"Zakaz zbierania autografów i robienia selfie pod rygorem odebrania akredytacji" - takie ogłoszenie wisi w Arłamowie. Dotyczy rzecz jasna dziennikarzy, którzy przez najbliższe dni będą pracować w Bieszczadach podczas zgrupowania reprezentacji Polski.
Połowa „działaności medialnych” właśnie zakończona . Dziennikarze magazynu „Pies i Koń” odwołają pewnie przyjazd. pic.twitter.com/3RHOlVsJIY
— Michał Kołodziejczyk (@Michal_Kolo) 28 maja 2018
W Arłamowie kadra jest od poniedziałku i zgrupowanie nie będzie miało już charakteru rodzinnego - tak jak to miało miejsce w Juracie. Adam Nawałka, dokładnie tak jak przed Euro 2016, zabrał piłkarzy i ich rodziny nad morze. Zgrupowanie nazywane było "regeneracyjne", była wizyta w willi prezydenta Andrzeja Dudy i mniej intensywne treningi. Zawodnicy mogli pobyć nieco dłużej ze swoimi rodzinami.

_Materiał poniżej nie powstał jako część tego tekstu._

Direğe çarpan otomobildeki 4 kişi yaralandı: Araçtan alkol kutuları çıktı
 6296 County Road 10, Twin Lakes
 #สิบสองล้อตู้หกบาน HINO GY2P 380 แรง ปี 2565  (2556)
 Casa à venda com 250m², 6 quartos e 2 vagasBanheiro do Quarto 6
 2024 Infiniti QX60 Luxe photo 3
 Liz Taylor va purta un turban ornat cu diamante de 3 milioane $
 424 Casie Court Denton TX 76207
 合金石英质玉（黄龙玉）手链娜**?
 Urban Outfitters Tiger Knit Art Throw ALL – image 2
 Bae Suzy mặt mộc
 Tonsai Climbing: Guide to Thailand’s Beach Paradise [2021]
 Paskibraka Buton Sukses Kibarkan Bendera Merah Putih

Ale żarty kończą się od poniedziałku. W Arłamowie piłkarzy czeka ciężka praca, a przede wszystkim walka o wyjazd na mundial. W Bieszczadach będzie bowiem 32 zawodników i dziewięciu z nich zostanie skreślonych. Nawałka ostateczną kadrę ogłosi 4 czerwca. Cztery dni później zagramy towarzysko z Chile w Poznaniu, a 12 czerwca na PGE Narodowym z Litwą. Następnie kadra uda się do Rosji.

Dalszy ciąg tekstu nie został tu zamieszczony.